Obviously, \(\varkappa(\lambda)\geq 0\). If \(\lambda=\lambda_i\) is an eigenvalue, then \(\varkappa(\lambda_i)=0\). If \(\lambda\) is a regular value, then

\[ \varkappa(\lambda)=\frac{1}{\|A^{-1}(\lambda)\|^2}>0, \tag{2} \]

where \(\|A^{-1}(\lambda)\|\) is the norm of the operator \(A^{-1}(\lambda)\).
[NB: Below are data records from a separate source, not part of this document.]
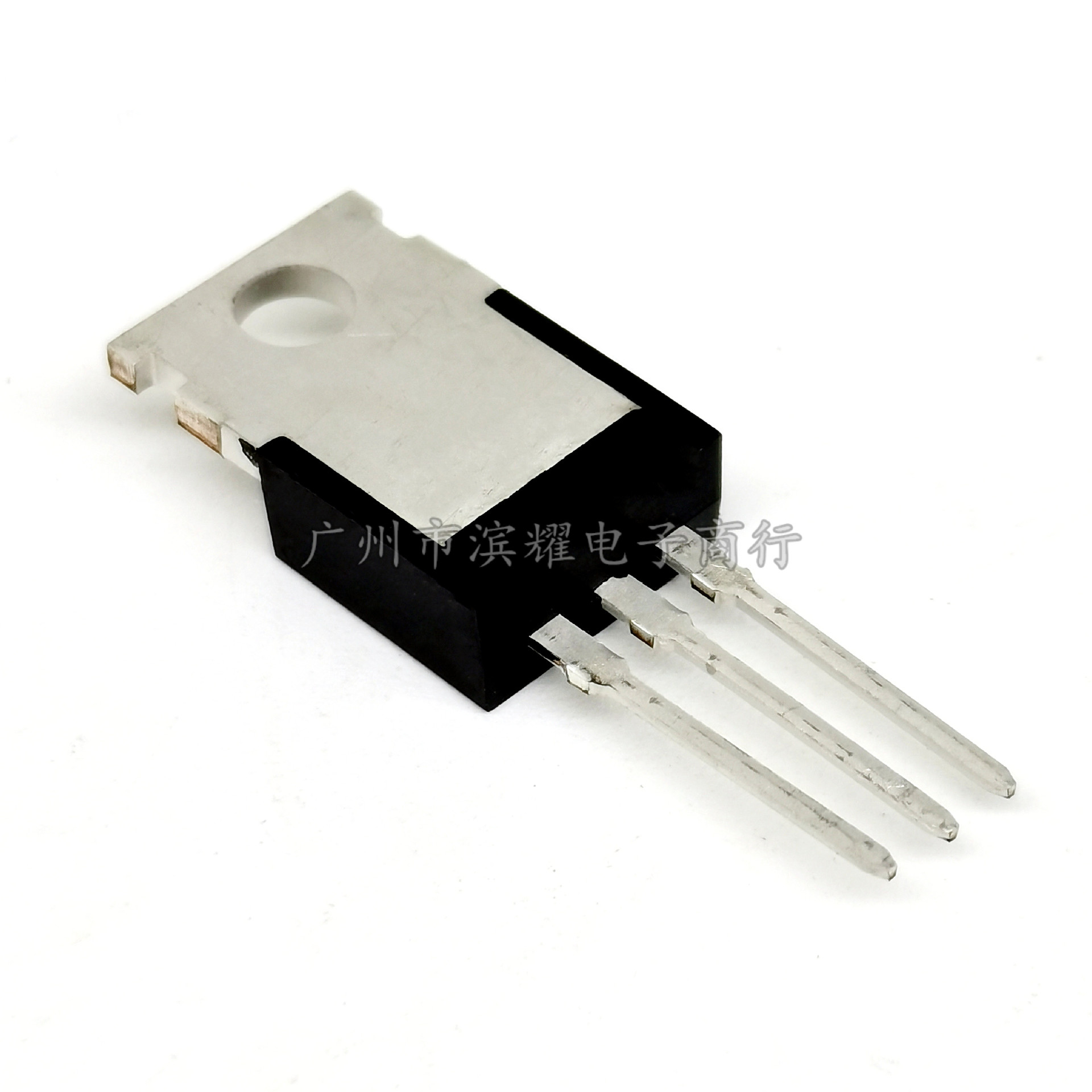 国产大芯片 KA7805/7806/7808/7809/7812/7815/7818 直插三极管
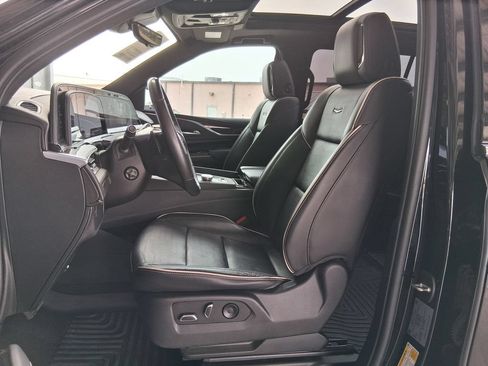 Used 2023 Cadillac Escalade ESV Premium Luxury RWD image 20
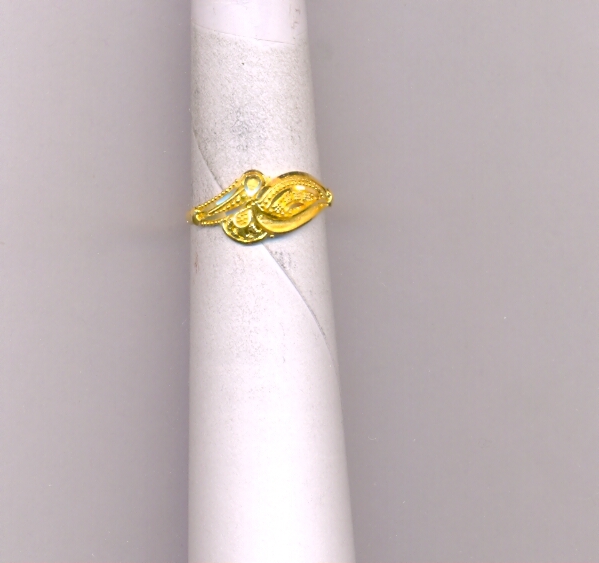 GOLD RING LADIES PLAIN FANCY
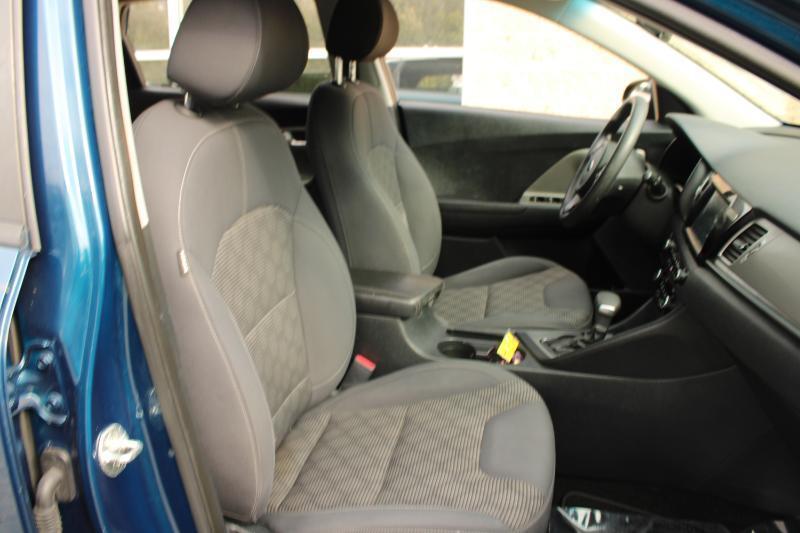 Kia Niro LX FWD 2018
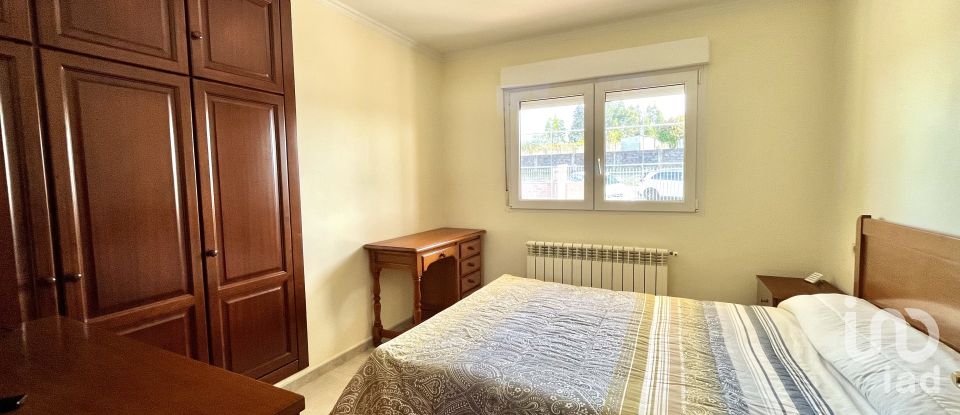 House 5 bedrooms of 243 m² in Coirós (15316)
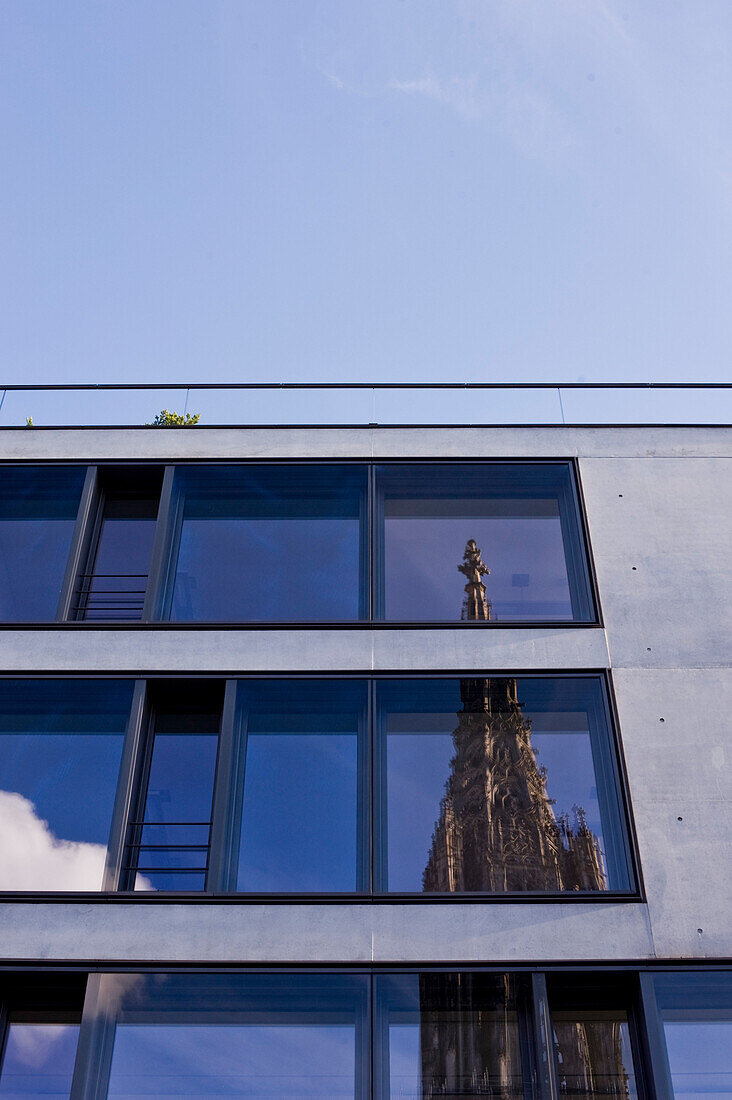Außenaufnahme vom Gebäude, Spiegelung der Kirche im Fenster, Ulm, Baden Württemberg, Deutschland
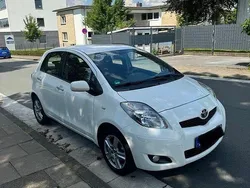 Weiß Gebraucht 2010 Toyota Yaris Cool Limousine | 4.900 € (Etwas zu teuer)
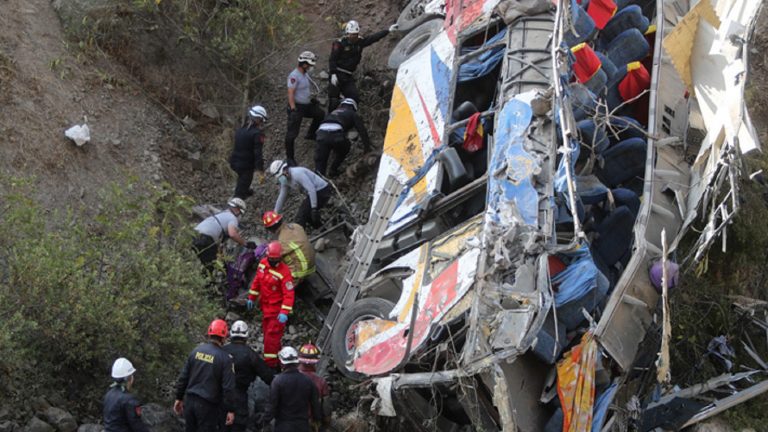Accidente de autobús en Perú deja 33 muertos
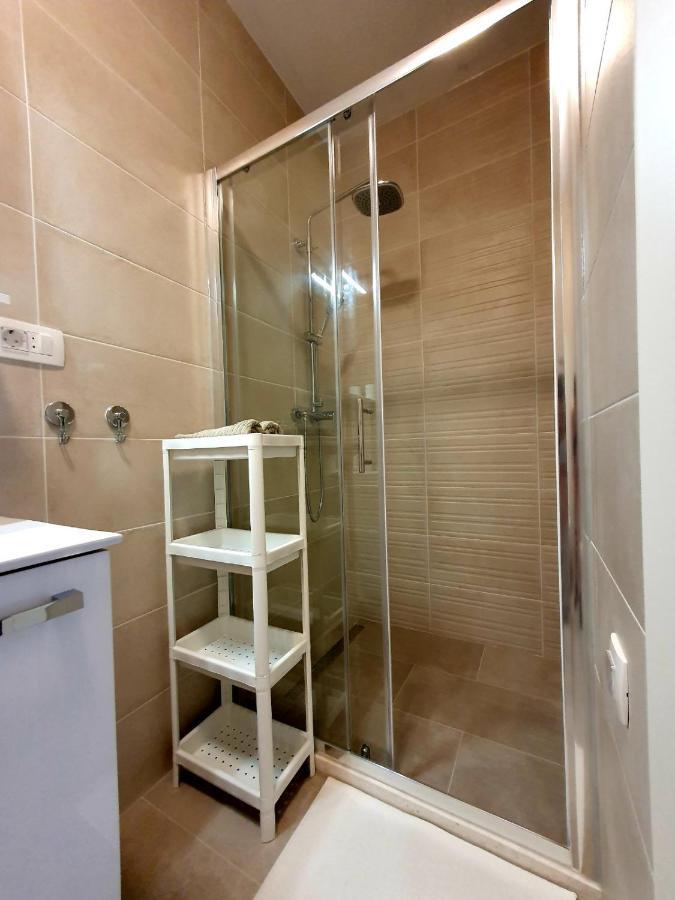 Apartmani M&S Sveta Nedelja  Esterno foto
Consequently, the characteristic equation for the eigenvalues will be \(\varkappa(\lambda)=0\).

Take a system of linearly independent vectors \(\psi_k\in D_A\) \((k=1,2,\ldots)\), complete in the following sense: for arbitrary fixed \(\lambda\), \(\varphi\in D_A\), and \(\varepsilon>0\) there exists a linear combination \(\sum_{k=1}^{m} a_k\psi_k\) such that

\[ \left\|\varphi-\sum_{k=1}^{m}a_k\psi_k\right\|_{H_1}^{2} + \left\|A(\lambda)\left(\varphi-\sum_{k=1}^{m}a_k\psi_k\right)\right\|_{H_2}^{2} <\varepsilon. \]

A system complete in the indicated sense will henceforth be called \(A\)-complete. Denote

\[ \varkappa_n(\lambda)= \min_{\{a_k\}} \frac{ \left\|A(\lambda)\left(\sum_{k=1}^{n}a_k\psi_k\right)\right\|_{H_2}^{2} }{ \left\|\sum_{k=1}^{n}a_k\psi_k\right\|_{H_1}^{2} }, \quad (n=1,2,\ldots). \]

Obviously, \(\varkappa_n(\lambda)\geq \varkappa(\lambda)\). By virtue of the \(A\)-completeness of the system \(\{\psi_k\}\),

\[ \lim_{n\to\infty}\varkappa_n(\lambda)=\varkappa(\lambda). \]

In particular, \(\varkappa_n(\lambda_i)\to 0\) as \(n\to\infty\), if \(\lambda_i\) is some eigenvalue. Suppose now that the functions \(\varkappa(\lambda)\), \(\varkappa_n(\lambda)\) are continuous. Take a circle \(|\lambda-\lambda_i|=\rho\) such that in the disk \(|\lambda-\lambda_i|\leq\rho\) there are no eigenvalues other than \(\lambda=\lambda_i\). Since \(\lim_{n\to\infty}\varkappa_n(\lambda_i)=0\), it follows that, beginning with some number, the inequality

\[ \varkappa_n(\lambda_i)< \min_{|\lambda-\lambda_i|=\rho}\varkappa(\lambda), \]

will hold.

and, consequently, for such \(n\) the function \(\varkappa_n(\lambda)\) has a local minimum at some point \(\lambda_{in}\),

\[ |\lambda_{in}-\lambda_i|<\rho . \]

Since \(\rho\) is arbitrarily small, the following is true.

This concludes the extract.